When spring forgot to come to England in 1996, we headed back to Brisbane, moving next door to Nicole Murray. Baldrick and the Cunning Plans used to rehearse there, and there were fabulous folkie parties - Nic introduced us to John Thompson and a bunch of folkies, and they took us under their wings when we went to Woodford Folk Festival for the first time in 1998 or 1999. We discovered that folkies were an exceptionally nice bunch of people, that we liked most of the music, and that Woodford was amazing. But we were buying and renovating a house, pursuing careers, etc. and didn't really get very involved...

In 2000, Nicole and I collaborated on a book with Sandy McCutcheon, and as a result I got involved in Sauna Club and the folk scene. Also in 2000 I ran my first vocal workshops: Voice Playground. I felt like a fraud, but then I usually do. Singing has been such a gift in my life, I wanted to offer that to other people. Dave and I fell apart in 2003; singing, and the folk scene, helped me weather that. In 2005, I teamed up with the enthusiasm and expertise of Andrea Baldwin, Nicole and John to run singing workshops as The Voices collective, and that has been great.

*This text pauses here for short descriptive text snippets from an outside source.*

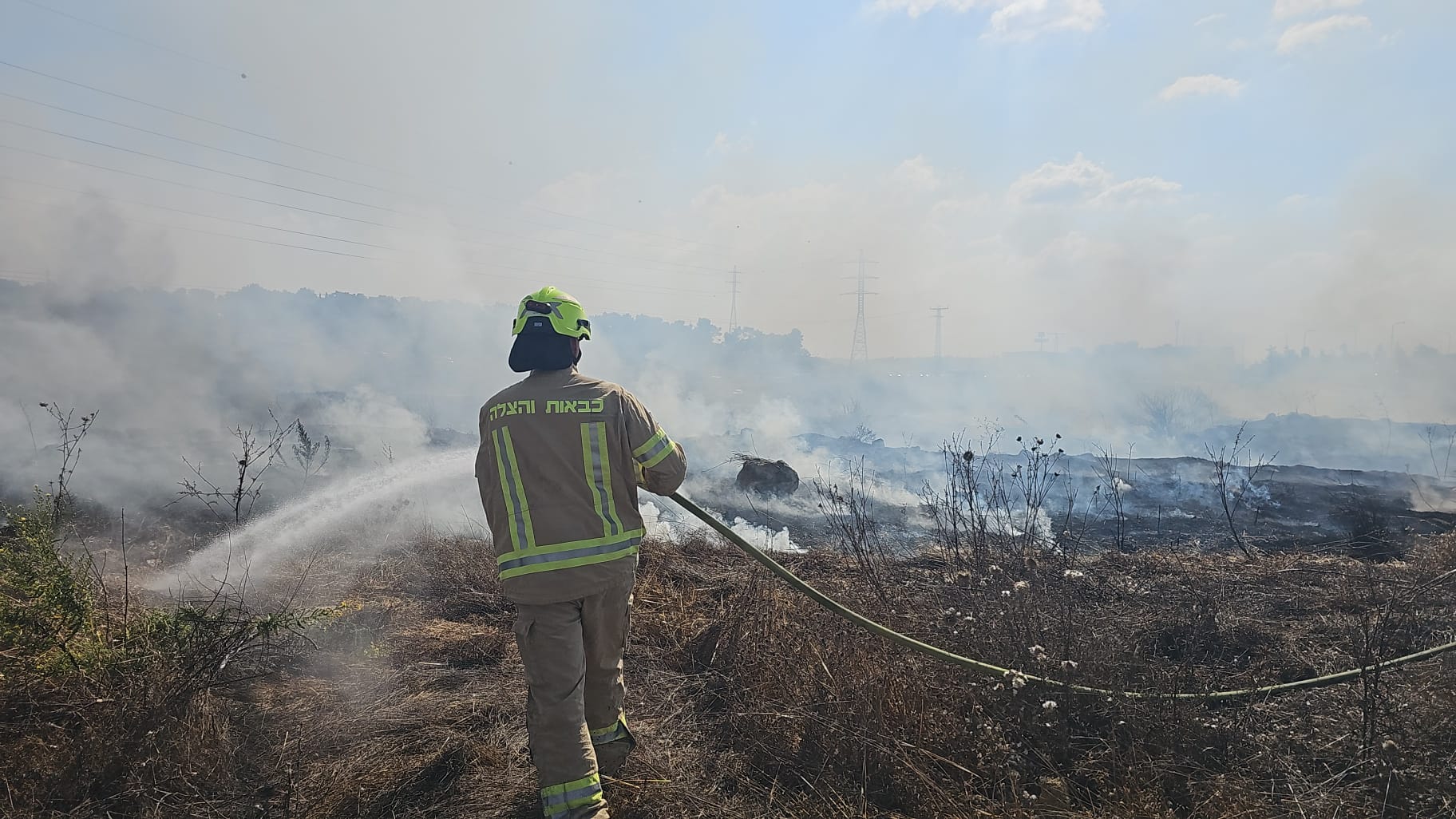Fire Breaks Out Near Gush Etzion, Firefighting Planes Scramble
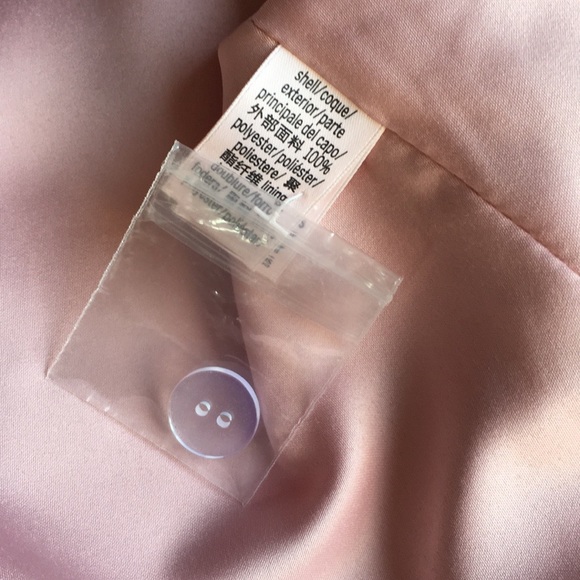 NWOT VS CLASSIC SATIN ROBE/LOUNGING JACKET/LIPSTICK RED/LINED BELTED W/TASSELS - Picture 6 of 10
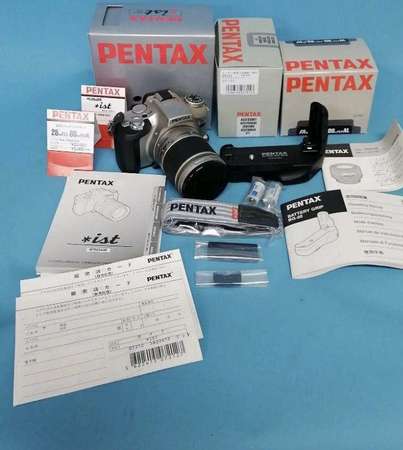 Pentax *ist 菲林相機+電池手柄+FAJ 28-80mm 鏡頭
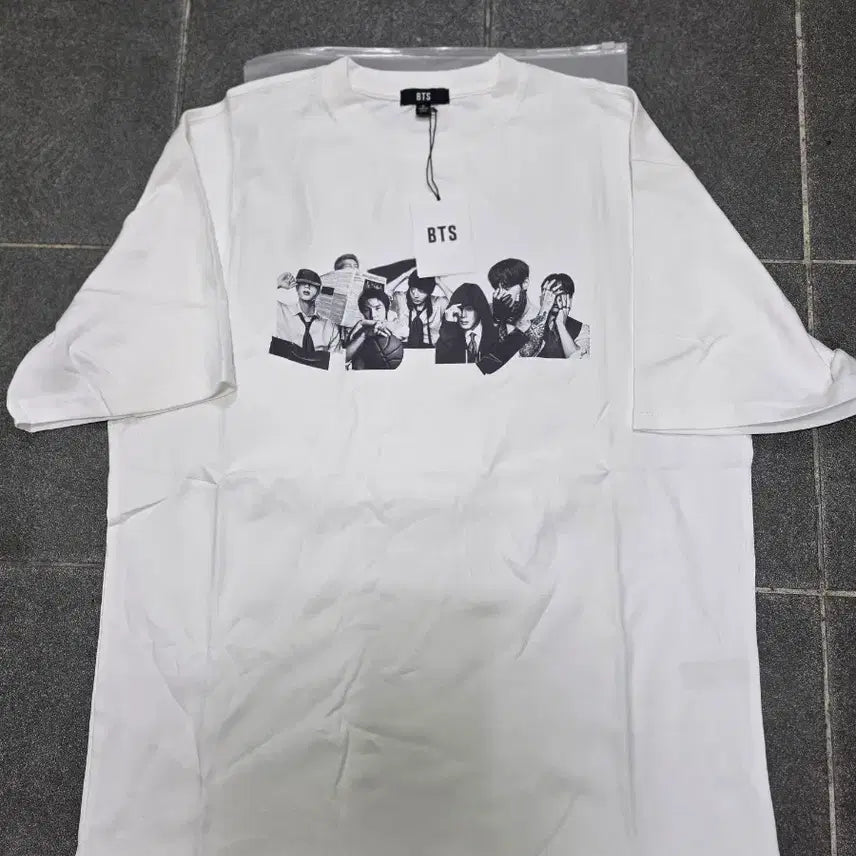 [BUNJANG] BTS Arirang Official Merchandise White T-Shirt / BTS의 &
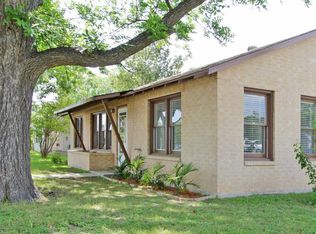 424 E Oak St, Uvalde, TX 78801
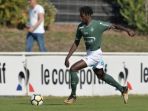 pesepak-bola-prancis-tewas-diberondong-24-peluru-ak-47_20180911_120259.jpg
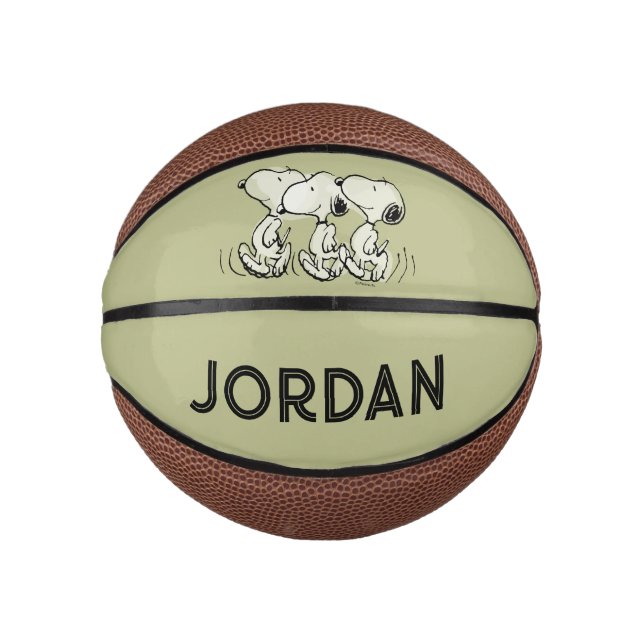 Peanuts | Snoopy Walking Tall Mini Basketball (Front)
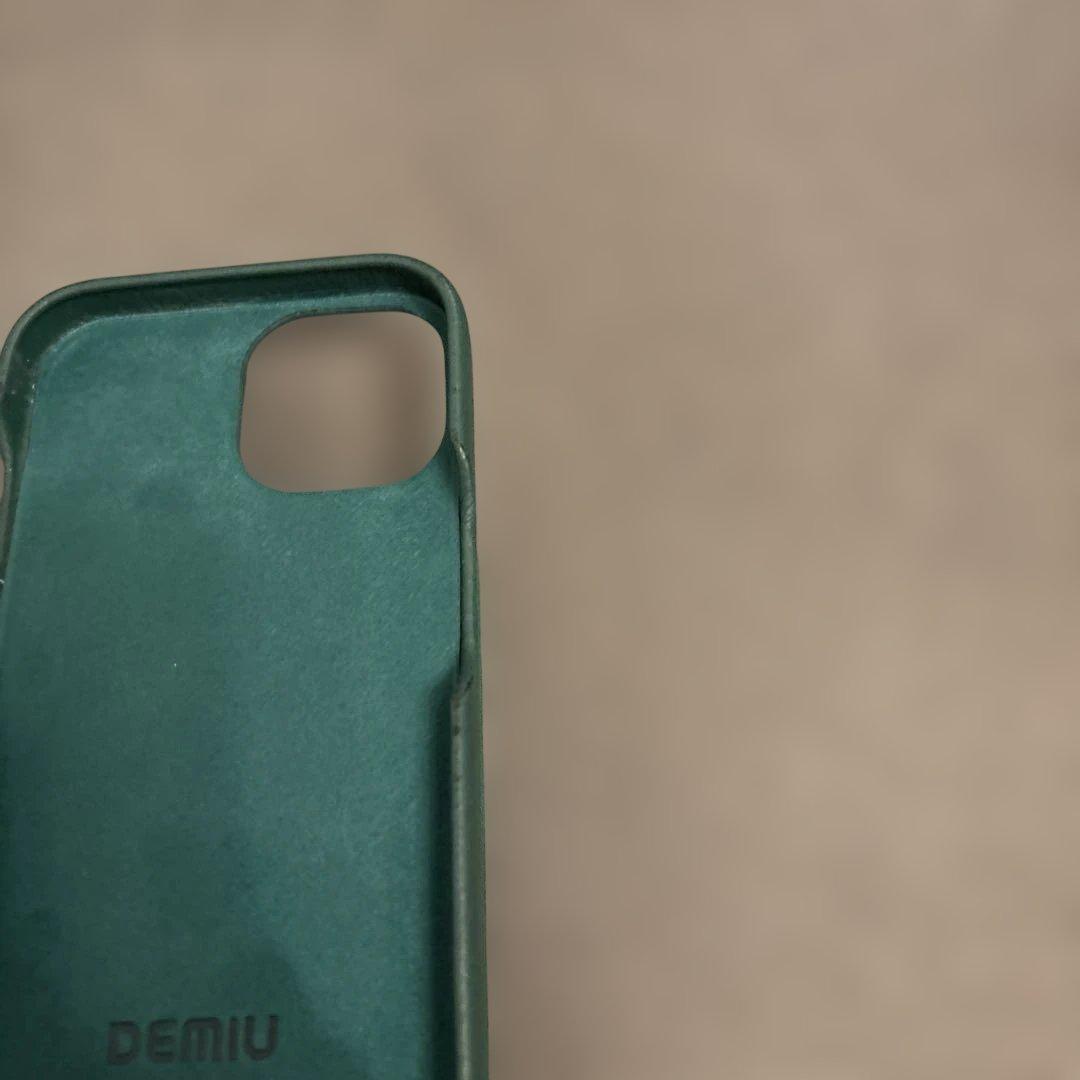 DEMIUグリーン 手帳型iPhoneケース　BALLON ストラップ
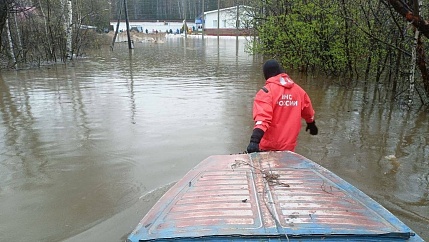 В храма и монастырях Омской области открыт сбор для пострадавших от последствий паводка на Севере Омской области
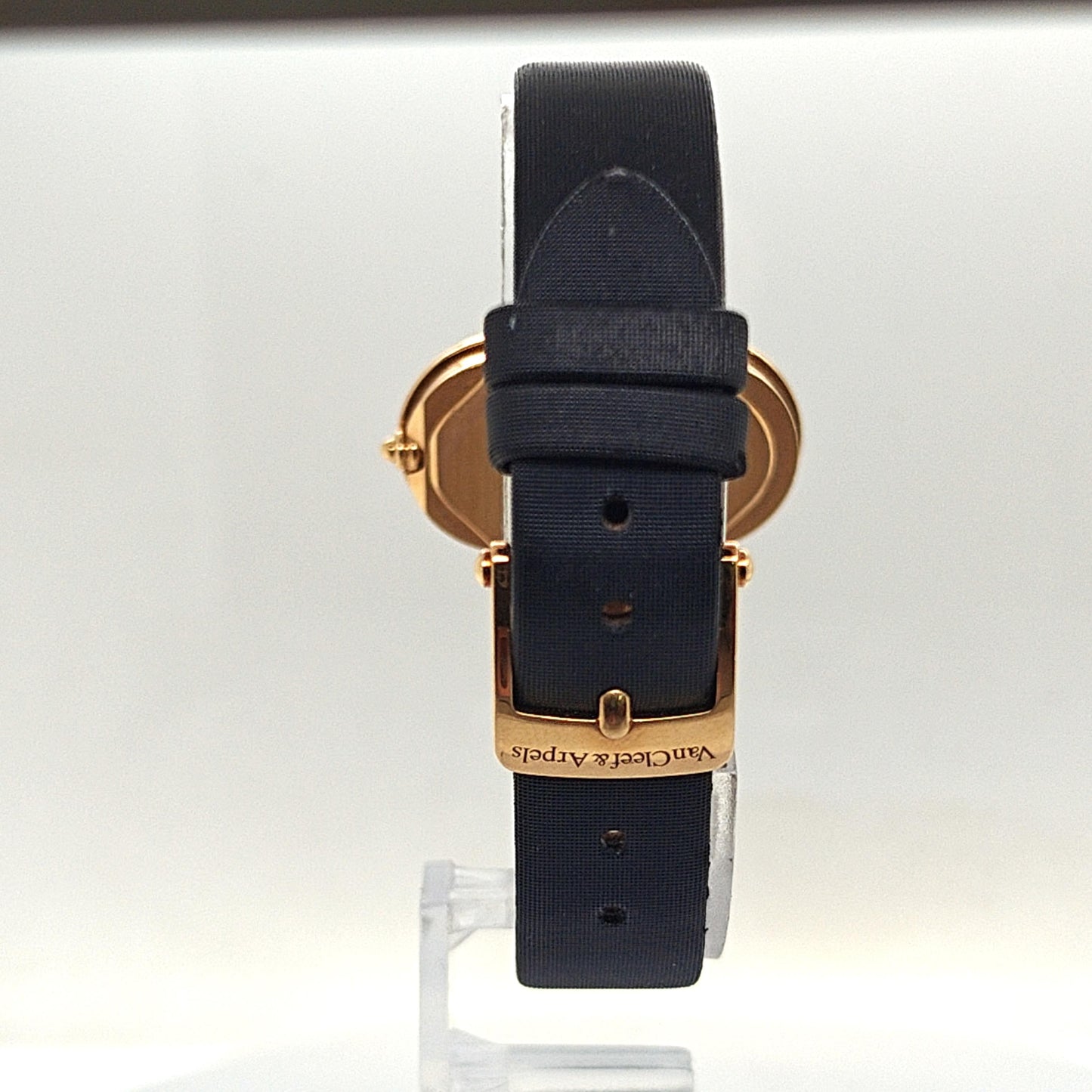 VAN CLEEF AND ARPELS VINTAGE ALHAMBRA MEDIUM LADIES DIAMOND WATCH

My attention wanders in most instrumental music (not so much with cello); it's vocal music that really grabs me. I tend to stumble across things and get interested - Currently it's Scottish Gaelic singing, with The Shieling. I don't have any Scottish background, but I heard Ann Martin and Ishbell MacAskill, and fell in love with the songs. I enjoy the challenge of getting my head and tongue around a new language and a new style of music. And I love the way that, with such a niche product, it's so easy to get gigs! In 2006, I'd started performing solo a capella, with encouragement from my folkie friends, and particularly Keith Urquhart and Angela Kitzelman who gave me my first gig at Neurum Creek Acoustic Music Festival, but I found it incredibly exposing, and so hard to market! My internal blurb went something like: Um, I sing songs, quite plainly. I don't really know what genre - they're probably a bit obscure for most people... not exactly a marketing triumph!

I'd love to sing more jazz, maybe some Renaissance English stuff - all that polyphony - and it would be a hoot to sing with instrumental players (ooh, a band!). I'd like to increase my general musical skills so I can improvise better and I'm working on accruing good karma so I can come back with a fabulous bass voice!

Once I realised that not getting into the Con had been a lucky escape, I promised myself that I would reserve music-making for joy. That's what I tune into musically: does this bring me joy? As long as it does, I know I'm on the right path.